10 Things I Should Have Learned by Now

  1. Waking up early to do homework feels a little like dying inside.
  2. Balloons and toasters really aren’t that scary.
  3. Don’t write impermanent things in permanent ink.
  4. Things are better than they seem.
  5. People are kinder than they seem.
  6. My perception of the sky is affected by my mood, not the other way around.
  7. How to write lists.
  8. Leaving things to the last minute doesn’t create inspiration, it forces panic motivation.
  9. Speaking quietly doesn’t always mean speaking gently.
  10. Sometimes, trying new things has less to do with adventure and more to do with necessity.
When Sarah Kay (go watch her be awesome on YouTube!) does poetry workshops, she assigns lists for people to write. ‘Ten things I should have learned by now’ is one of the lists she often uses.

Emotional Baggage Check

Sometimes, I find a really good article that hits all the points for me, like this one. While reading the beginning, I was half convinced that Jenny (the writer) is me from an alternate universe—only, she seems to actually know what she’s doing when it comes to helping people. 

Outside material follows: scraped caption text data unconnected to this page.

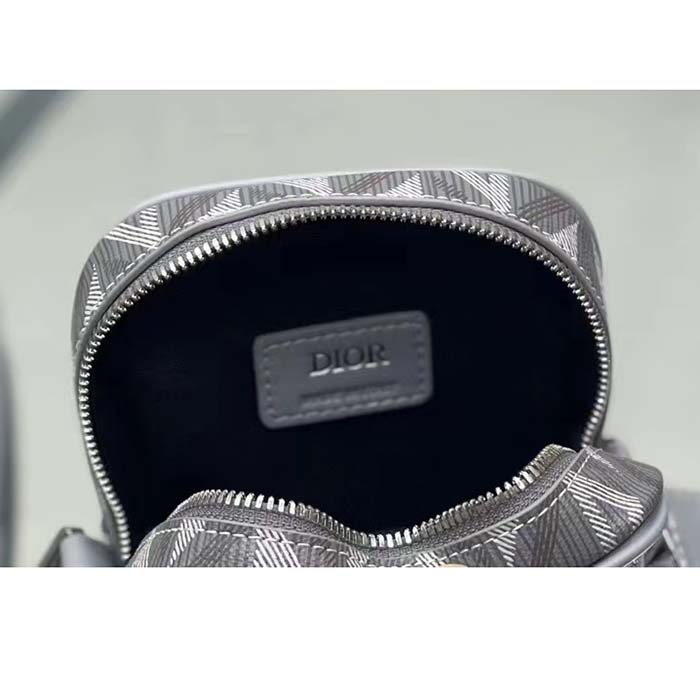 dior unisex hit the road vertical pouch dior gray cd Di*m*nd canvas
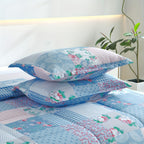 Blue Checkered Floral Comforter Set 2/3 Piece – Lightweight All-Season Quilt with Pillowcases, Soft Bedding Set Twin Queen King, Machine Washable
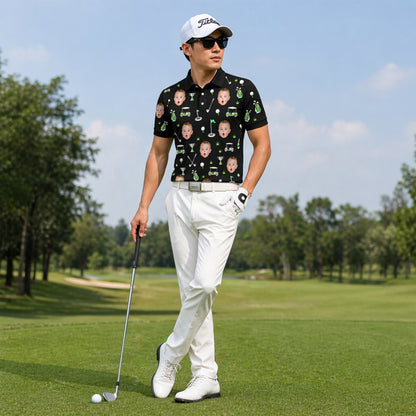 Custom Face Golf Pattern Men's Polo Black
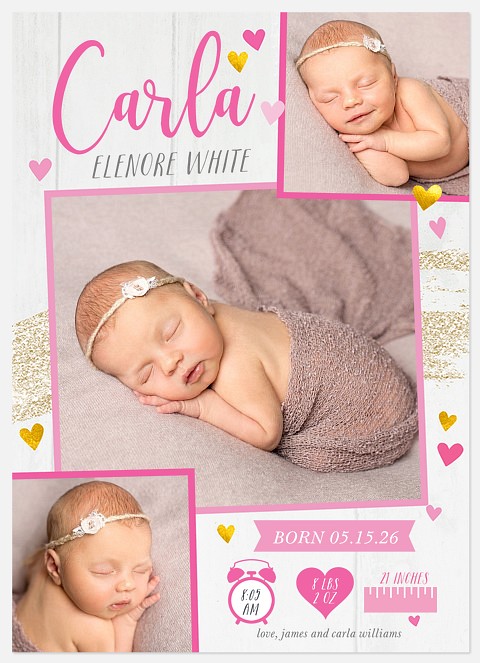 Golden Infographic Baby Birth Announcements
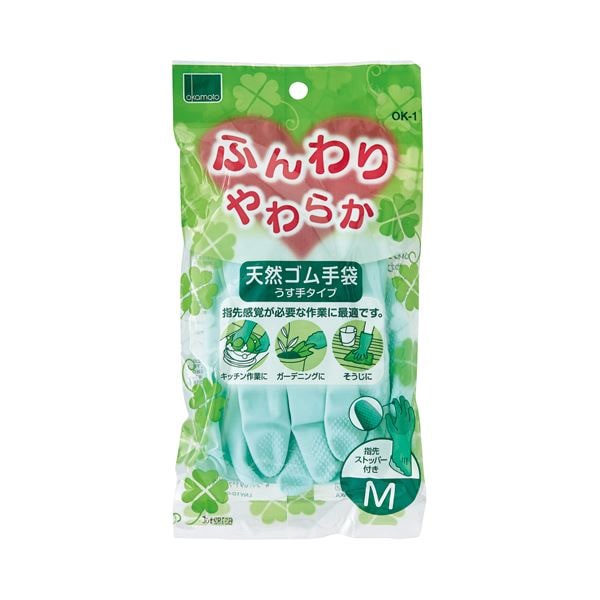 (まとめ) オカモト ふんわりやわらか天然ゴム手袋 M グリーン OK-1M-G 1セット（10双） (×10セット)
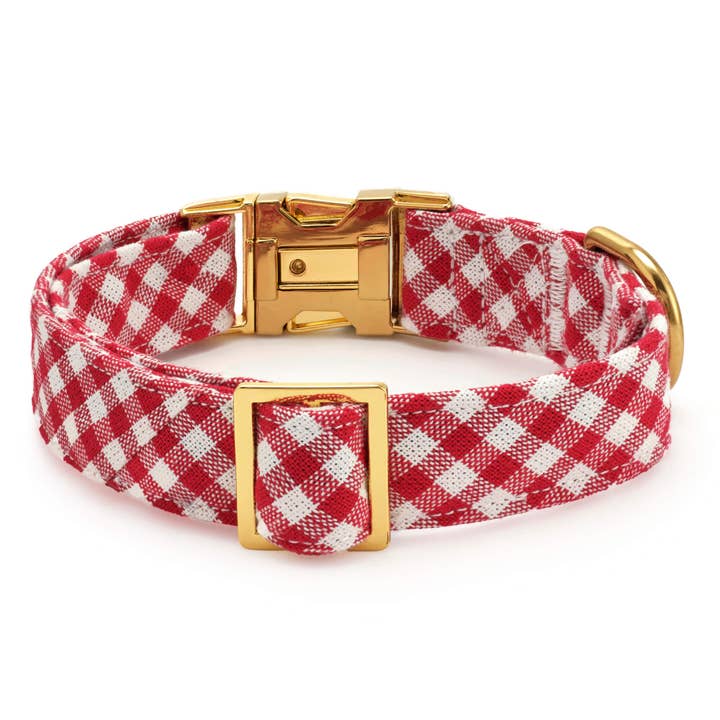 The Foggy Dog - Wholesale Pet Collar - Dog - Red Gingham Dog Collar1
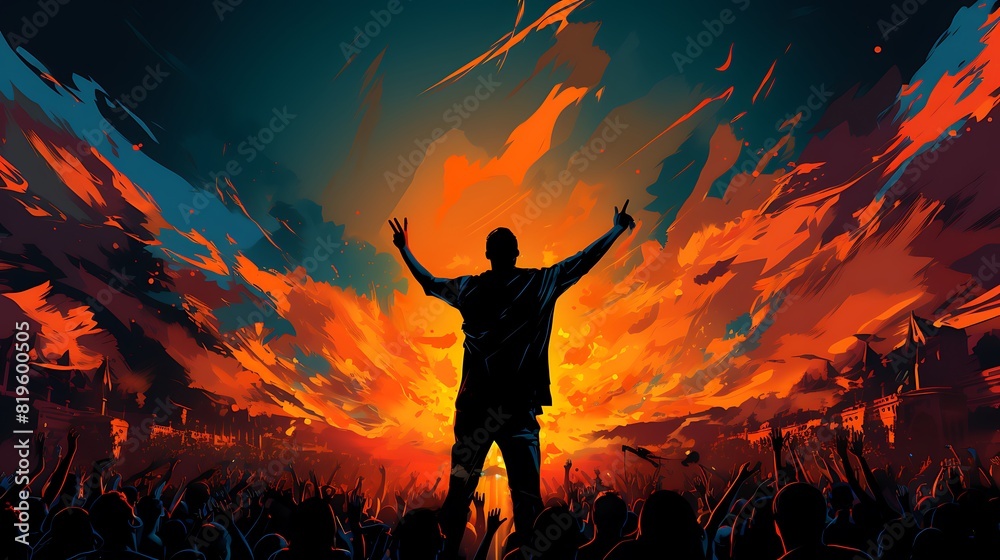 silhouette of a singer at a concert on stage, vector illustration silhouette of a singer at a concert on stage, vector illustration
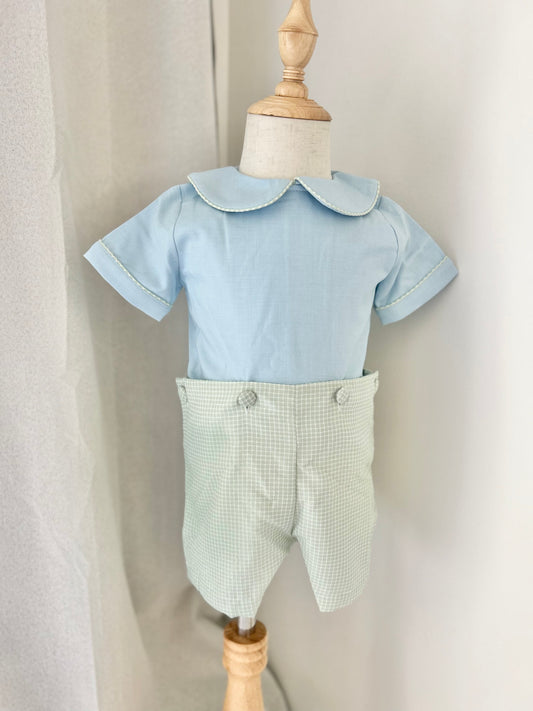 Boys Chapel Blue Linen Top, Sage Windowpane Button On Shorts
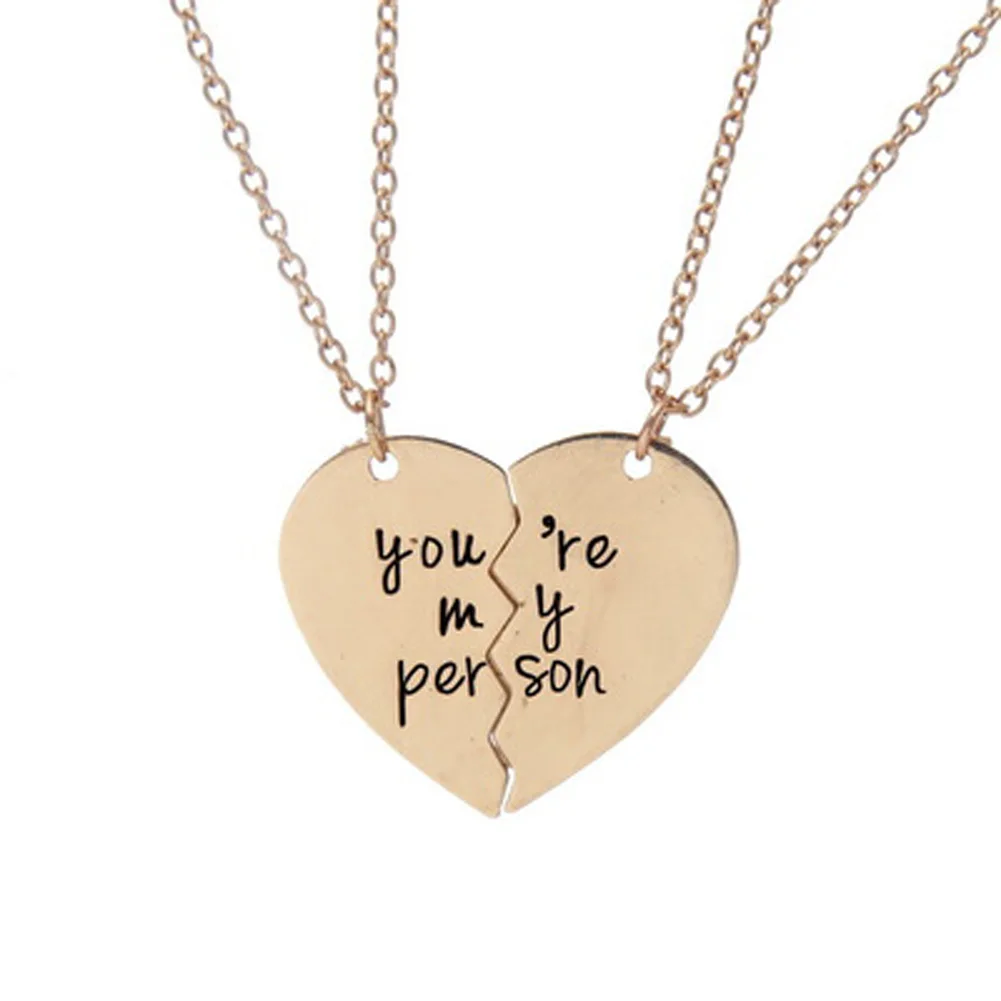 

1 Pair You Are My Person Broken Heart Pendant Necklace Antique Letter Engraved Lover Couples Necklaces Gift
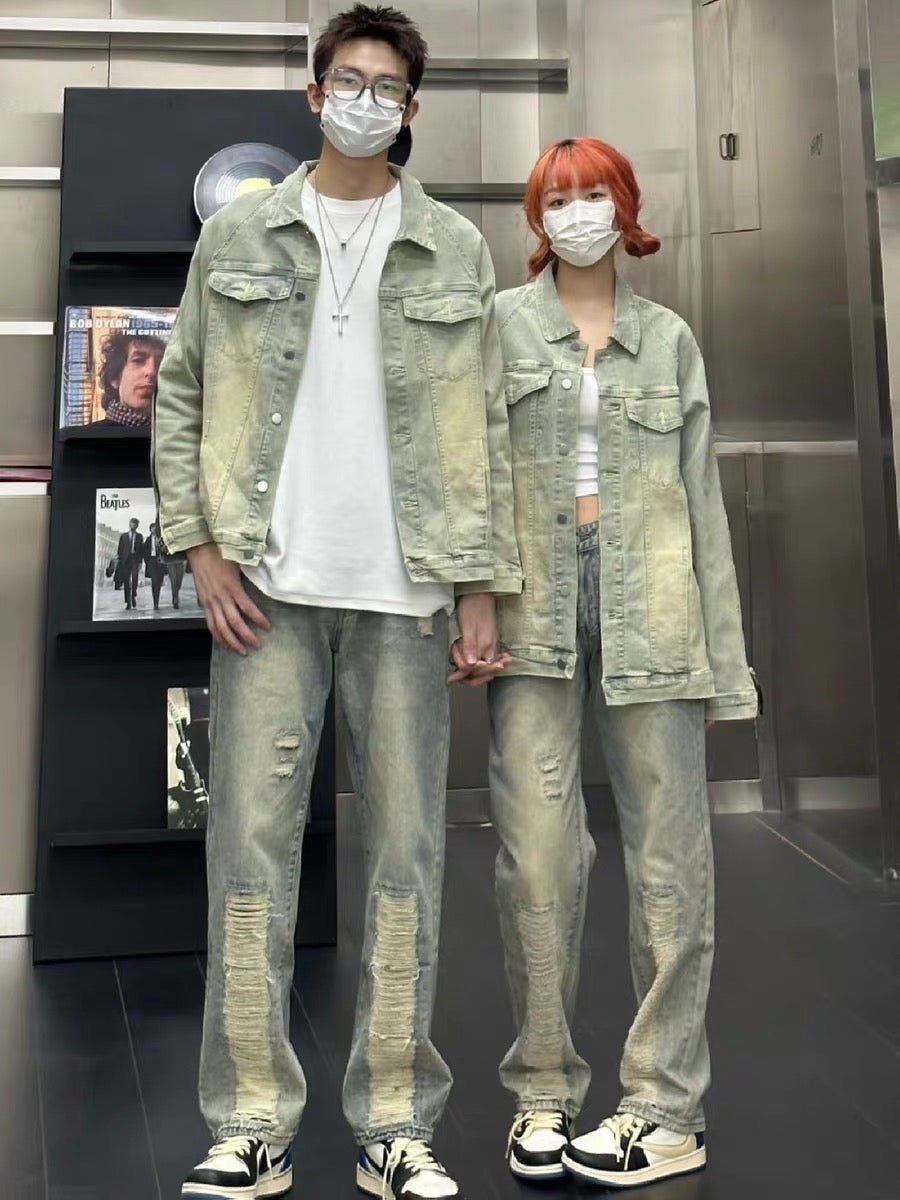 Washed yellow mud denim jacket men's spring and autumn zipper American workwear jacket tide brand couple retro denim jacket gown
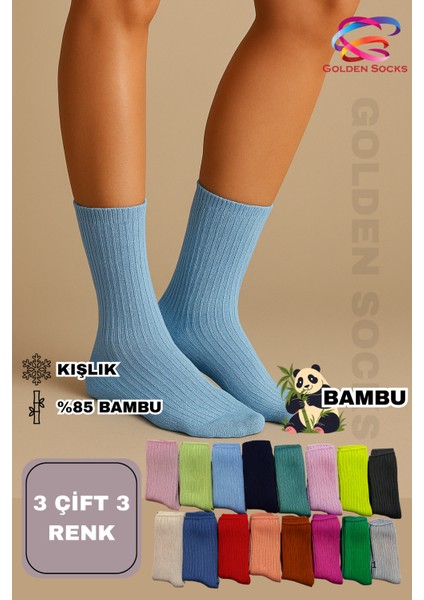 3’lü Kışlık Renkli Kadın Bambu Çorap Seti modelleri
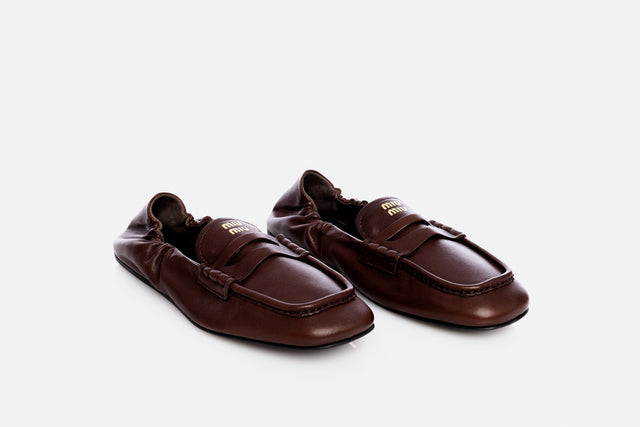 Miu Miu Ruches Nappa Leather Loafers
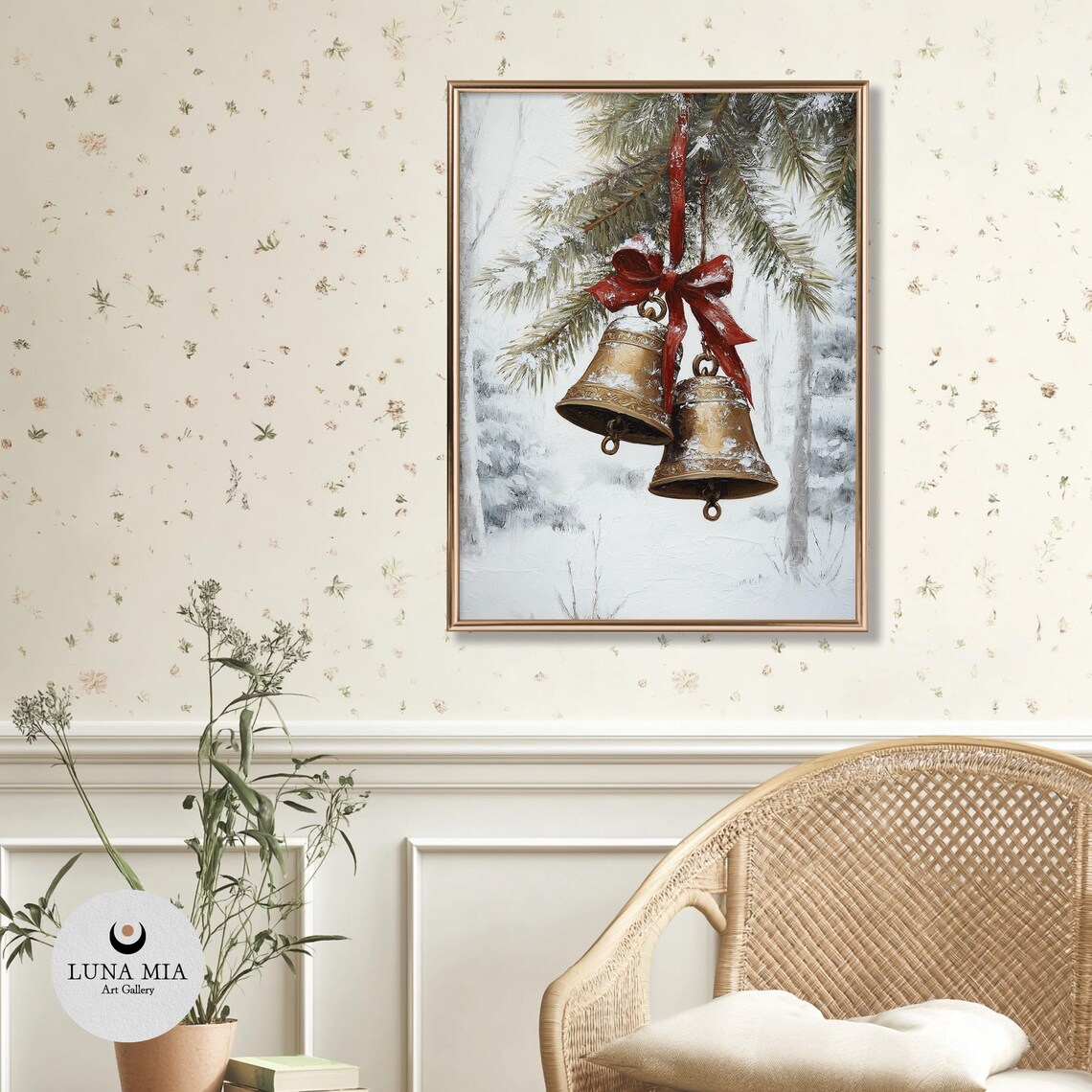 Golden Christmas Bells with Red Bow Vintage Winter Art Poster - Image 3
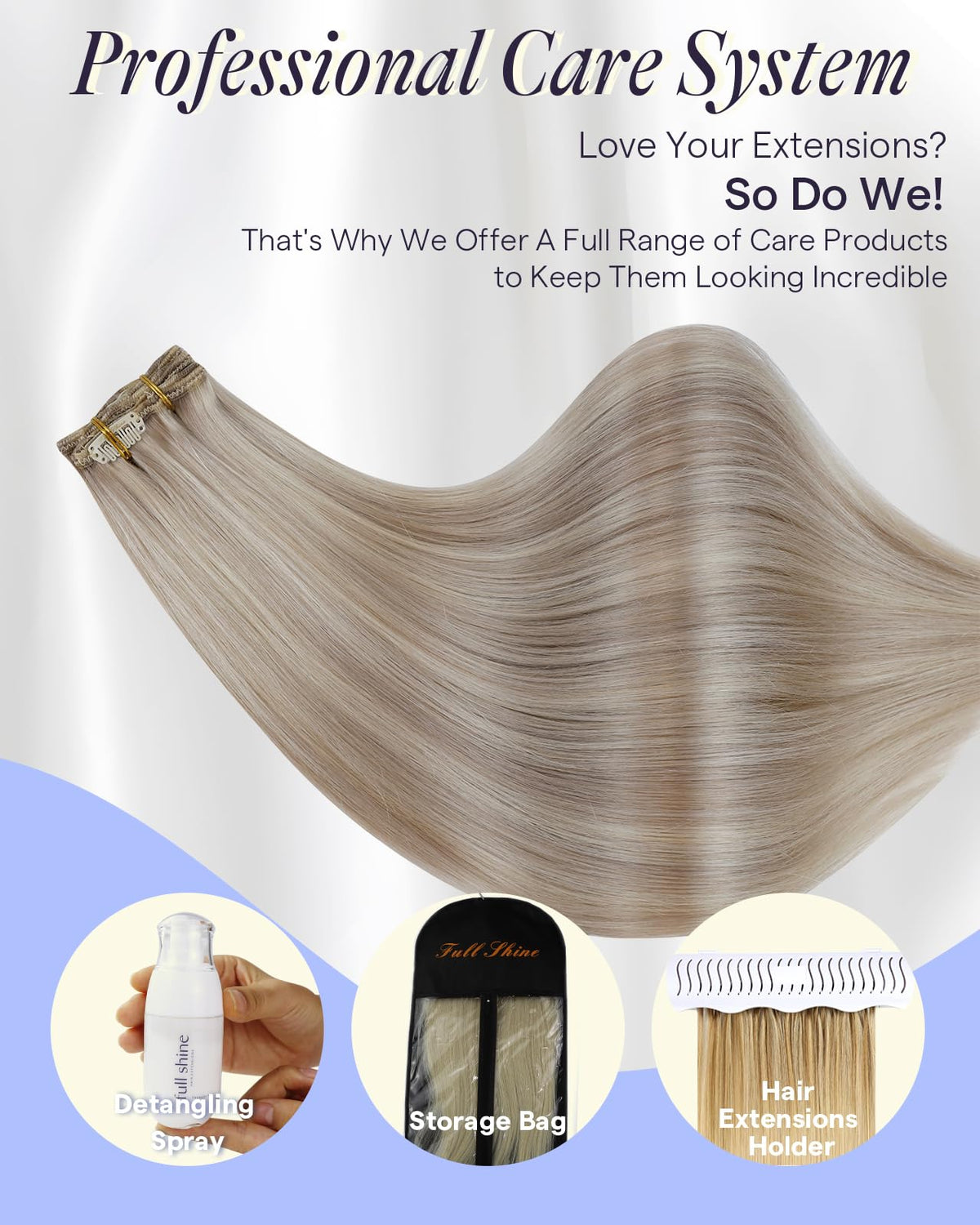 Full Shine Clip in Hair Extensions 24 Inch displayed on a model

My only actual job is to be student, but I’d say I’m also an Emotional Baggage Check of sorts. I spend a lot of hours talking to friends who are upset or need someone to vent to, and this is usually done over messaging, phone calls, or—strangely enough—at parties. Usually the venting happens during the night, and—like Jenny says—sometimes it escalates to talking them out of suicide, leading to urgent 2 am calls. It’s been especially stressful this past school year and that’s probably one of the reasons why my report card looks lousier than it usually does—when one of your friends tells you that they’re not going to be around tomorrow, homework is the last thing going through your mind.

Arguments with my parents have sprung up out of this. There’s the usual “You need to go to bed, these people won’t even matter to you after high school, your grades are important” opening statement, retaliated with my defiant “They matter right now and homework can wait but they can’t” objection, finally ending with frustration and sometimes tears. Those nights are the ones I want to avoid the most.

And of course, lack of sleep is an issue. There was a month where it seemed all of my friends were sad at the same time and I would talk to multiple people in one night: starting up a phone call with one person just as I was finishing a message marathon with another. Jenny talks about multitasking, but I can’t listen to more than one person at a time so I was up super late trying to get to everybody and homework. Needless to say, caffeine, all-nighters, and I are not strangers anymore.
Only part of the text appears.